Another way to look at this problem is to pick two indexs, I and J, such that the index I appears before index J, as well as the number at nums index of I being smaller then the value at nums index of J.

In other words, Number I must appear before J in the array, and number I must be smaller than number J in the array.

For example [(1),2,3,4,(5)] = Minimal distance between elements 5 and 1 is 4 [(1),0,2,(3)] = Minimal distance between elements 1 and 3 is 3 [6,3,(2),1,5,(3)] = Minimal distance between the last 3 and the middle 2 is 4

Thoughts

I immediately misread the questions and assumed it was talking about finding the largest increasing monotonic stack by traversing left to right in the test case array.

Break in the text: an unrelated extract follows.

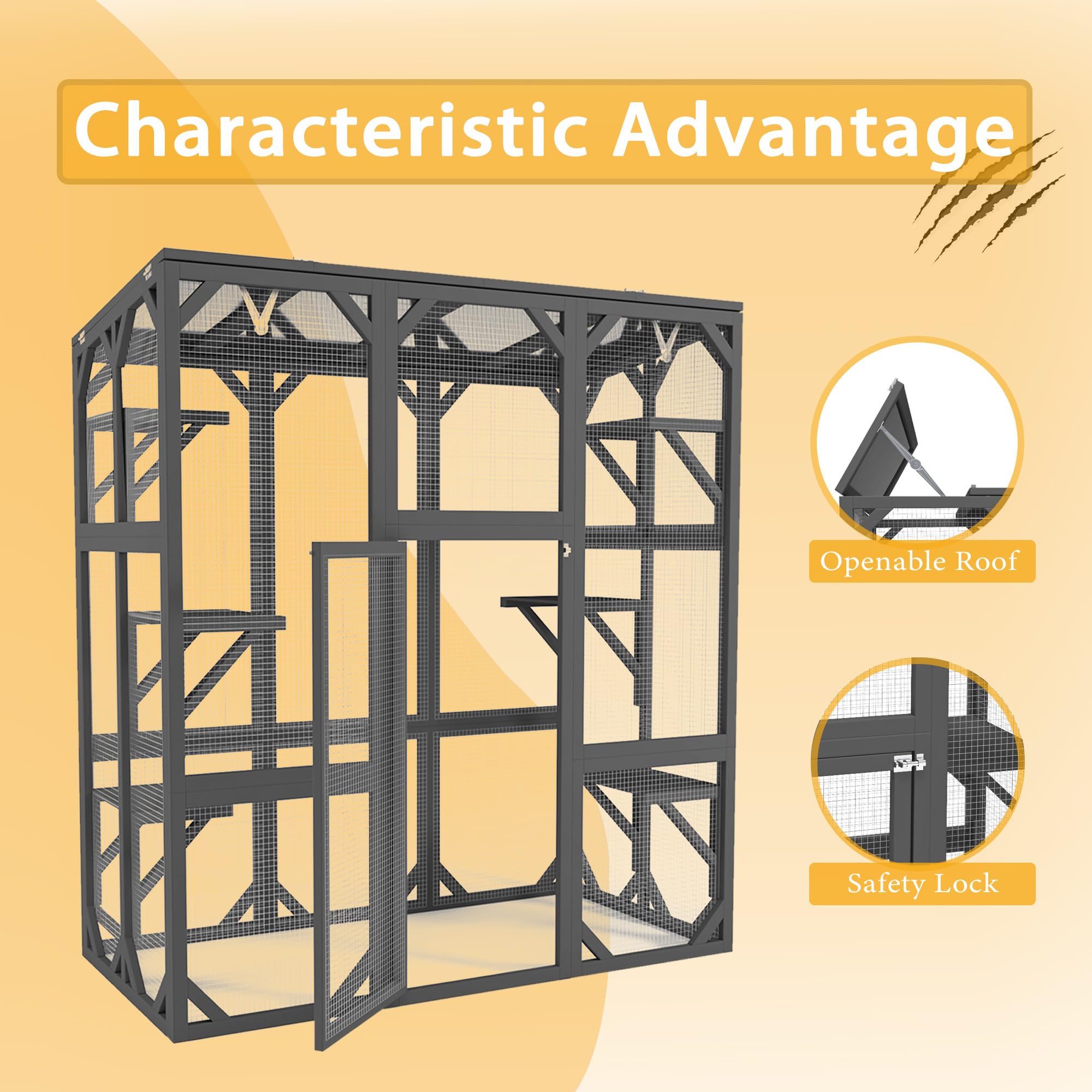 60'' Catio Outdoor Cat Enclosure Large Cat House for Mulitiple Cats Walk in Kitty Cage with Waterproof Roof, 6 Jumping Platform, Wooden Walk-in Cats Shelter, Grey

However, even after realizing this wasn’t the case, I was still determined to use a monotomic stack for this problem.

Rethinking about the problem, I realized that for each right most index, the distance value that would be returned was the distance between itself and the leftmost index of any element that is smaller then the right most index’s value. For example, for a testcase like [200,5,4,3,2,1,100] at the index for element 100, you would consider only 5,4,3,2,1 since those are values that are smaller then 100. the 200 can then be ingnored.

Also I realized that the way to get a maximal distance would be using classic monostack popping until you reach a point where you can no longer pop. For example, with testcase [200,5,4,3,2,1,100], you could have a monostack like [200,5,4,3,2,1], and then pop elements 5,4,3,2,1 you are left with 200.

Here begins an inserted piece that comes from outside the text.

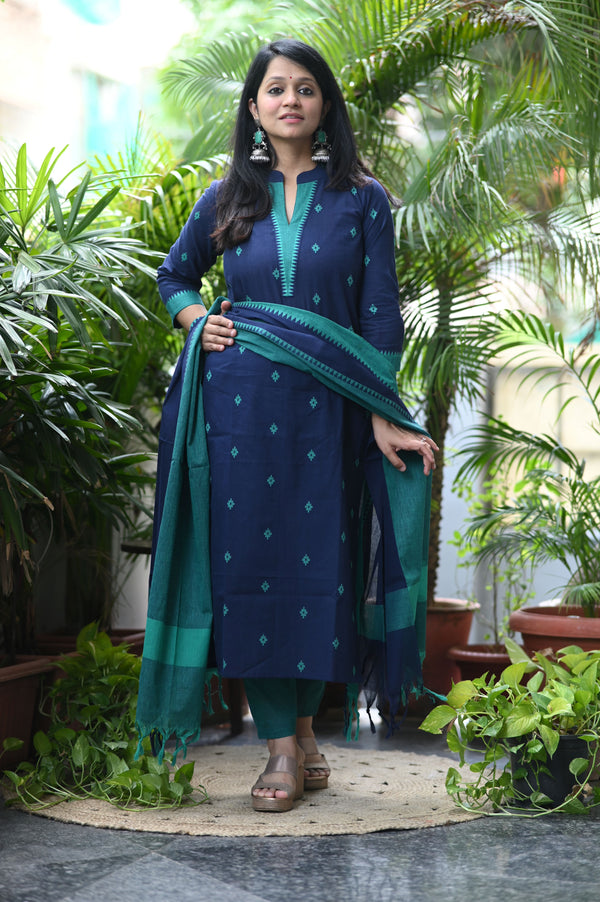 Sootra - Cotton Kurta Set with Woven Dupatta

For testcases like [10,1,2,3,11], your monostack that you start with initally should just elements such that each element is less then its prevous elements. For example, you would only need to have [10,1] to evaluate from the 11 element. This is due to being 2 and 3 being larger then 1, but also appearing after 1 in the array. Since 1 is already smaller then the next elements, 2 and 3, and can greedily say that 2 and 3 are not good choices, since 1 is already smaller then thoose two values.

Lastly, with a problem like this I am sure that while my monoStack is going to use the values of the array for comparisons, I am storing indexs inside of the monoStack itself. This way, I am able to do a distance calculation between two different points in the array if certian conditions are meet.

Implementation

First, I use a for loop to form a decreasing monoStack in Javascript like I usually do. However, I dont preform any popping operations, only pushs when I find numbers that are smaller then the previous number on the top of the stack.

I then a second for loop, this time moving from right to left, to remove elements from my monoStack if they are smaller or equal to my current number. I also update my max varible with the max possible distance between the index. This is simply done my taking my current Rightmost index on my, and then subtracting the index on the top of the stack, which represents the rightmost index of the next element in the array that is smaller than my rightmost index’s value.

Finally, I just return max which after the second for loop runs, contains my maximal distance / maximal ramp width to leetcode.

/**
 * @param {number[]} nums
 * @return {number}
 */
var maxWidthRamp = function(nums) {
    let monoStack = [];
    let max = 0;
    for(let I = 0; I<nums.length; I++){
        if(monoStack.length == 0 || nums[ monoStack[monoStack.length-1] ] > nums[I]){
            monoStack.push(I);
        }
    }

    for(let R = nums.length-1; R>= 0; R--){
        while(monoStack.length > 0 
        && nums[monoStack[monoStack.length-1]] <= nums[R]){
            max = Math.max(max, R-monoStack[monoStack.length-1] );
            monoStack.pop();
        }
    }

    return max;
};